JRuby: Using Celluloid concurrency library to utilize full CPU multithreading and convert a large JSON file to CSV
In this tutorial I’ll demo some JRuby code that uses a fantastic concurrency library Celluloid, to utilize full CPU multithreading and convert a large JSON file to CSV. Celluloid really shines with implementations of Ruby that are not limited by the GIL like JRuby and Rubinius.
Created a Gemfile. Execute “bundle install” to install.
source 'https://rubygems.org'
gem 'celluloid'
I executed the following script to create a 1GB file consisting of JSON hashes with a randomized order of defined keys.
#!/usr/bin/env jruby
# require ruby libs
require 'securerandom'
require 'json'
# define a list of hash keys
known_fields = ['address_1', 'address_2', 'city', 'state', 'zip']
# define output file
file_name = 'big_file.txt'
# populate file
file = File.open(file_name, 'w')
while file.size <= 1073741824
data = {}
# randomize key order
known_fields.shuffle.each do |field|
data[field] = SecureRandom.hex
end
file.write(data.to_json + "\n")
end
file.close
I used the linux “split” command to chunk the 1GB file into 50k line files, prefixed with “_split_”.
split -l 50000 big_file.txt _split_
The following class includes the Celluloid library and implements methods to read a file, parse the JSON, convert the data to an array of known fields, and write to CSV.
#!/usr/bin/env jruby
# require ruby libs/gems
require 'celluloid'
require 'json'
require 'csv'
# define a list of hash keys
known_fields = ['address_1', 'address_2', 'city', 'state', 'zip']
split_file_prefix = "_split_"
# get a list of files to process
file_list = Dir.glob("#{split_file_prefix}*")
file_list.delete_if {|f| f =~ /\.csv$/}
raise "No files to process." if file_list.empty?
# define celluloid worker class
class Worker
# read the source/wiki. fibers/threads/magic.
include Celluloid
# main method to process file. read, convert, write.

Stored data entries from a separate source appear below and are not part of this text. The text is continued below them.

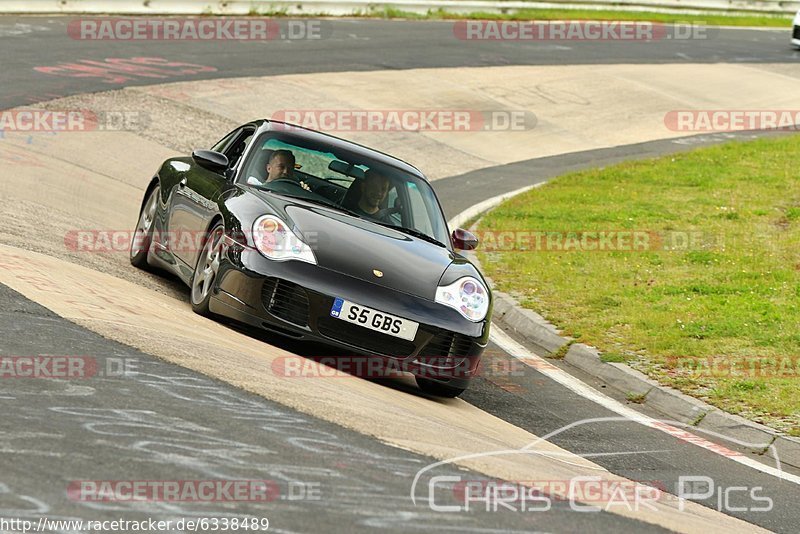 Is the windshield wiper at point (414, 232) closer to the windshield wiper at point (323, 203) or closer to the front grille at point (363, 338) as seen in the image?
the windshield wiper at point (323, 203)

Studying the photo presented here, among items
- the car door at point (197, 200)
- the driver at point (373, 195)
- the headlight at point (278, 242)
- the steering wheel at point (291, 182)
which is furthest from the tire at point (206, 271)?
the driver at point (373, 195)

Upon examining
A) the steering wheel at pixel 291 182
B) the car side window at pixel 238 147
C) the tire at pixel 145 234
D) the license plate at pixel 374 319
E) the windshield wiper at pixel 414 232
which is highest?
the car side window at pixel 238 147

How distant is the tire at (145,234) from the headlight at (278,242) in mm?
2426

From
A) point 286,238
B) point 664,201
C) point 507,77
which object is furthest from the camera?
point 507,77

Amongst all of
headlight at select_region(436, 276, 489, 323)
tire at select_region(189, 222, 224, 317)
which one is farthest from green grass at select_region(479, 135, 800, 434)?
tire at select_region(189, 222, 224, 317)

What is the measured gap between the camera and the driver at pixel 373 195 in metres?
8.94

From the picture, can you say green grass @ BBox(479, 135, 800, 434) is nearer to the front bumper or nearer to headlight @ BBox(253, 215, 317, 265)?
the front bumper

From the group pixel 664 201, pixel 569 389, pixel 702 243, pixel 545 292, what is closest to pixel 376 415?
pixel 569 389

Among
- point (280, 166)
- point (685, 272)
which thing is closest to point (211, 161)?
point (280, 166)

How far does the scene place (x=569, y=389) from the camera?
9.04m

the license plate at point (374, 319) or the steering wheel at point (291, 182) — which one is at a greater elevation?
the steering wheel at point (291, 182)

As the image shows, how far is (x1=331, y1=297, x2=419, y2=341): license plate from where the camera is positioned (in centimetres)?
757

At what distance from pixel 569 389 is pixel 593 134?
14.5 m

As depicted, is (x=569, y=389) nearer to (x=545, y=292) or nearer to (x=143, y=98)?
(x=545, y=292) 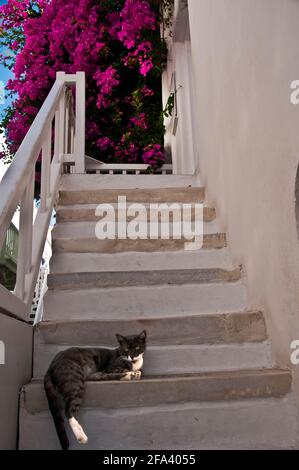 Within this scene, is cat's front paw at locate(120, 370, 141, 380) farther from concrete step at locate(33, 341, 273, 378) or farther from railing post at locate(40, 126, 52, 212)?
railing post at locate(40, 126, 52, 212)

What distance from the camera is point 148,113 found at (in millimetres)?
5480

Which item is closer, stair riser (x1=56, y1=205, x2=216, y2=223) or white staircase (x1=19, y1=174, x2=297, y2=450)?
white staircase (x1=19, y1=174, x2=297, y2=450)

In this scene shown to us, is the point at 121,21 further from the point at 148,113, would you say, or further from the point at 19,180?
the point at 19,180

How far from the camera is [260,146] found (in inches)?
75.2

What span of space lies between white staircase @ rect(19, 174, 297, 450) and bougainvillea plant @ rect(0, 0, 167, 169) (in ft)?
8.42

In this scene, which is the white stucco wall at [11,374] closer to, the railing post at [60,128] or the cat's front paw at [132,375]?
the cat's front paw at [132,375]

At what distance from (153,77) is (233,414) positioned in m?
4.87

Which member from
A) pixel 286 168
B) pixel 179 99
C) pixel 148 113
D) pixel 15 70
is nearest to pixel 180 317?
pixel 286 168

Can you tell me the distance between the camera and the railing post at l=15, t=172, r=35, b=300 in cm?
178

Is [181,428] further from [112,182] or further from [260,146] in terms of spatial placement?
[112,182]

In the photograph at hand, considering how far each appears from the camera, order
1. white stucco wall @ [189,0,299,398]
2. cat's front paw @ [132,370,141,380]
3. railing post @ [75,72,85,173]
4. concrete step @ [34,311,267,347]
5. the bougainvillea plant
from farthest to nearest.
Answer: the bougainvillea plant
railing post @ [75,72,85,173]
concrete step @ [34,311,267,347]
cat's front paw @ [132,370,141,380]
white stucco wall @ [189,0,299,398] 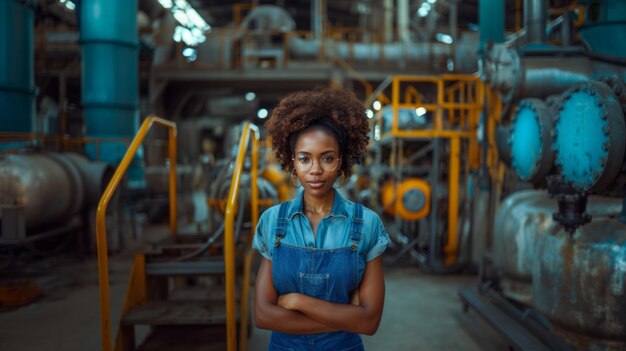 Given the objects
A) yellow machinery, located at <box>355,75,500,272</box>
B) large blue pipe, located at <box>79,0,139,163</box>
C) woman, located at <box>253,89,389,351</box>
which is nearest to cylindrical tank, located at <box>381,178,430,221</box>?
yellow machinery, located at <box>355,75,500,272</box>

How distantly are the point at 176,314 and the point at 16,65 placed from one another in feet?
19.3

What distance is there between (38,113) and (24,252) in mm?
8808

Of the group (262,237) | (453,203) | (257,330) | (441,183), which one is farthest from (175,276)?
(441,183)

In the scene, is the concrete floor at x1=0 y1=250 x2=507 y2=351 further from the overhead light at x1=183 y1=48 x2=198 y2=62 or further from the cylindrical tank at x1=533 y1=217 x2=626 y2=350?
the overhead light at x1=183 y1=48 x2=198 y2=62

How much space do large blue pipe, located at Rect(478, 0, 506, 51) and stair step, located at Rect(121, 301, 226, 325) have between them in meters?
4.61

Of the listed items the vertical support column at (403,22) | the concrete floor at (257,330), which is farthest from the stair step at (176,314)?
the vertical support column at (403,22)

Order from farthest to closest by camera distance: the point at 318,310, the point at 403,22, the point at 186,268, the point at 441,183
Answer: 1. the point at 403,22
2. the point at 441,183
3. the point at 186,268
4. the point at 318,310

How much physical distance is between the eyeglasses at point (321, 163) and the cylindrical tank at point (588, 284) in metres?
1.95

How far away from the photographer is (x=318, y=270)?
1.66 meters

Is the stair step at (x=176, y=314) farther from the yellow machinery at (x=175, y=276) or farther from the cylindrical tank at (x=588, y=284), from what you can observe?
the cylindrical tank at (x=588, y=284)

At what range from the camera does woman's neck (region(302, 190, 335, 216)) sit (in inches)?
70.1

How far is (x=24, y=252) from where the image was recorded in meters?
7.07

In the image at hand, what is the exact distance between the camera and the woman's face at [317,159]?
66.6 inches

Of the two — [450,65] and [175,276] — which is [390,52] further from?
[175,276] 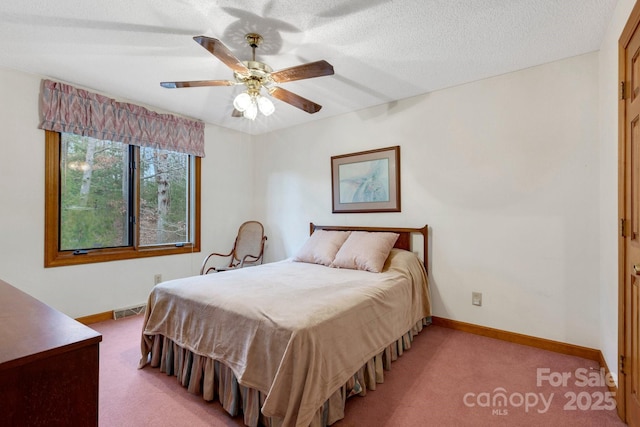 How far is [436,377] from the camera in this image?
2.12m

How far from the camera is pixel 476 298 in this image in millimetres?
2844

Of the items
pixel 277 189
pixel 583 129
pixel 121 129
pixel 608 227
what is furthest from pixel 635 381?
pixel 121 129

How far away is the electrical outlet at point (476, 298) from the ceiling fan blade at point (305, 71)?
2.38 m

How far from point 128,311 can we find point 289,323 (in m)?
2.70

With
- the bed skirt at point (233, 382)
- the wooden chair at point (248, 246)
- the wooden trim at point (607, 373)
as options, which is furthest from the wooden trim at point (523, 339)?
the wooden chair at point (248, 246)

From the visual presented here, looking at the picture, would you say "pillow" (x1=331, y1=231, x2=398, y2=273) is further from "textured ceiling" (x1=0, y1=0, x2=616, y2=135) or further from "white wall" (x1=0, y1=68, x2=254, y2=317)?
"white wall" (x1=0, y1=68, x2=254, y2=317)

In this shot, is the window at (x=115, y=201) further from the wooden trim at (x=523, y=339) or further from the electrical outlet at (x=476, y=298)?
the electrical outlet at (x=476, y=298)

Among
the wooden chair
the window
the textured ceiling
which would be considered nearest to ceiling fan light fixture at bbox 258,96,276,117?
the textured ceiling

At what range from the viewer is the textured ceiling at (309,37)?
185 centimetres

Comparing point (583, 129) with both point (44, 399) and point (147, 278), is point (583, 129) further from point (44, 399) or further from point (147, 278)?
point (147, 278)

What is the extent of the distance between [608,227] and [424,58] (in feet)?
5.92

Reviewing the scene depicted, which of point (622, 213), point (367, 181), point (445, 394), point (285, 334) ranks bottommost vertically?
point (445, 394)

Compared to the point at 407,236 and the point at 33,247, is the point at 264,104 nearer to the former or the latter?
the point at 407,236

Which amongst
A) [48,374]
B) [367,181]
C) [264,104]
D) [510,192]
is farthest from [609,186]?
[48,374]
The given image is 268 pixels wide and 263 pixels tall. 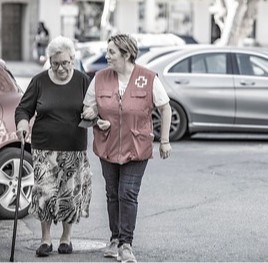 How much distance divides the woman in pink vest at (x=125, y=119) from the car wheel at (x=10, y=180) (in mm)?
1752

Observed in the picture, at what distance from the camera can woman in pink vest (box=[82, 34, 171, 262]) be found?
760 centimetres

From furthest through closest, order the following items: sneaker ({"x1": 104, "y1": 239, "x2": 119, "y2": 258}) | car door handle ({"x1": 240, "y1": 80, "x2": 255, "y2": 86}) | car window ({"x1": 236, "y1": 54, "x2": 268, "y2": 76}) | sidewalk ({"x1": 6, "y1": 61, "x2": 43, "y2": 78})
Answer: sidewalk ({"x1": 6, "y1": 61, "x2": 43, "y2": 78}) → car window ({"x1": 236, "y1": 54, "x2": 268, "y2": 76}) → car door handle ({"x1": 240, "y1": 80, "x2": 255, "y2": 86}) → sneaker ({"x1": 104, "y1": 239, "x2": 119, "y2": 258})

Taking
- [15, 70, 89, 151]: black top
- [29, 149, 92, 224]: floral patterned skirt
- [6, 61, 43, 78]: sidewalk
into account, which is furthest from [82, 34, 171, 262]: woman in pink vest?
[6, 61, 43, 78]: sidewalk

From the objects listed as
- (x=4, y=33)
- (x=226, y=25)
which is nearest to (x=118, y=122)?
(x=226, y=25)

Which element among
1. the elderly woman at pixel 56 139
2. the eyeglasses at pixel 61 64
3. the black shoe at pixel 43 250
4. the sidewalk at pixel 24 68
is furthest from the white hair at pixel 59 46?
the sidewalk at pixel 24 68

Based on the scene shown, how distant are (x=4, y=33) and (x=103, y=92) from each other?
42106 mm

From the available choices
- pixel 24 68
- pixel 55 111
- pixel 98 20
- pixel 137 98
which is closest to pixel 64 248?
pixel 55 111

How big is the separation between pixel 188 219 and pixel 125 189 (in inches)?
86.2

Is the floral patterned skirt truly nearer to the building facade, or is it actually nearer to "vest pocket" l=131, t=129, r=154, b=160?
"vest pocket" l=131, t=129, r=154, b=160

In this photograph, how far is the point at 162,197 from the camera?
36.0 feet

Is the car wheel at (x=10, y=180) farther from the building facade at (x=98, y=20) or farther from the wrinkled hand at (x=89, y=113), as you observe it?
the building facade at (x=98, y=20)

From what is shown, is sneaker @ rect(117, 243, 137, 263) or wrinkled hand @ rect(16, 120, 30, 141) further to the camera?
wrinkled hand @ rect(16, 120, 30, 141)

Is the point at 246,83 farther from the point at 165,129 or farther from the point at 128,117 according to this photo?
the point at 128,117

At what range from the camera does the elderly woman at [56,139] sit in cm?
787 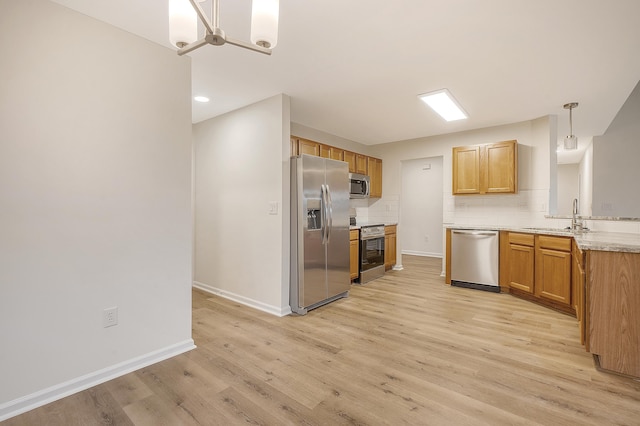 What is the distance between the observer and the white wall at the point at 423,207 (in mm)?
7133

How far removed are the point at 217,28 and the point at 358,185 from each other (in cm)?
423

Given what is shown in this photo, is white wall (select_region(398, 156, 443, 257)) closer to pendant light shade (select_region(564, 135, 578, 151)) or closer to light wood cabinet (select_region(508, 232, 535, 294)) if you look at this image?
light wood cabinet (select_region(508, 232, 535, 294))

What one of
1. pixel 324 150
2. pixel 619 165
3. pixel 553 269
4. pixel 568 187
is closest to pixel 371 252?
pixel 324 150

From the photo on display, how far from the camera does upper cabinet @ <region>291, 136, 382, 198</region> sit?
416 centimetres

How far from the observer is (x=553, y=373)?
7.09ft

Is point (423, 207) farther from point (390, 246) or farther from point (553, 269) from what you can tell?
point (553, 269)

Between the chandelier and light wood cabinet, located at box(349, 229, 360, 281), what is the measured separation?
3426 millimetres

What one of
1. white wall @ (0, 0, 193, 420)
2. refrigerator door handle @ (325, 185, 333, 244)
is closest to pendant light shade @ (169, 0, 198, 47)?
white wall @ (0, 0, 193, 420)

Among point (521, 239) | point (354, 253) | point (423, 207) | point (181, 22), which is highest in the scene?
point (181, 22)

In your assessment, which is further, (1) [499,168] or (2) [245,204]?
(1) [499,168]

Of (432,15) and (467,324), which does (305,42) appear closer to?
(432,15)

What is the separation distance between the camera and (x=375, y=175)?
5844 millimetres

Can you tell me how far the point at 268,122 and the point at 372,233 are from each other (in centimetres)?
241

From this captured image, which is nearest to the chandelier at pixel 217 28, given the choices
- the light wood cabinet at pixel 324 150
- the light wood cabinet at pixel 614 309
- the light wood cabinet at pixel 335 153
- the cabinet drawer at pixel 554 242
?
the light wood cabinet at pixel 614 309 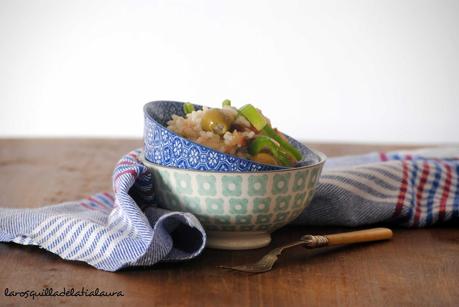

def process_file(file_name=nil, known_fields=[])
# validation
raise "File name required." if file_name.nil? || file_name.empty?
raise "Known fields list required." if known_fields.nil? || known_fields.empty?
# do work
data = read_json_file(file_name, known_fields)
write_csv_file("#{file_name}.csv", data)
true
end
private
# read JSON file, iterate lines, convert each JSON to array
def read_json_file(file_name, known_fields)
raise "File does not exist: #{file_name}" unless File.exists?(file_name)
ret = []
File.open(file_name, "r") do |f|
f.each_line do |line|
result = json_line_to_array(line, known_fields)
ret << result unless result.nil?
end
end
ret
end
# take a json string, parse, collect known fields data
def json_line_to_array(line=nil, known_fields)
return nil if line.nil?
begin
json_data = JSON.parse(line)
rescue
return nil
end
ret = []
known_fields.each do |field|
if json_data.has_key?(field)
ret << json_data[field]
else
ret << nil
end
end
ret
end
# write out array of fields to CSV
def write_csv_file(file_name, data)
raise "Data invalid" if data.nil? || data.empty?
CSV.open(file_name, "a") do |csv|
data.each {|d| csv << d}
end
end
end
# define worker pool
pool = Worker.pool
# iterate/process files
futures = file_list.map do |file|
pool.future.process_file(file, known_fields)
end
futures.map(&:value)
As you can see in the above class, there is no mention of fibers, threads, or java.util.concurrent; just: include Celluloid. In this example, I chose to implement a Celluloid pool which uses the futures method to queue tasks.
Execute the above script and you’ll notice via Java VisualVM (jvisualvm) and Activity Monitor full CPU core utilization. Get your money’s worth out of your multi-core system.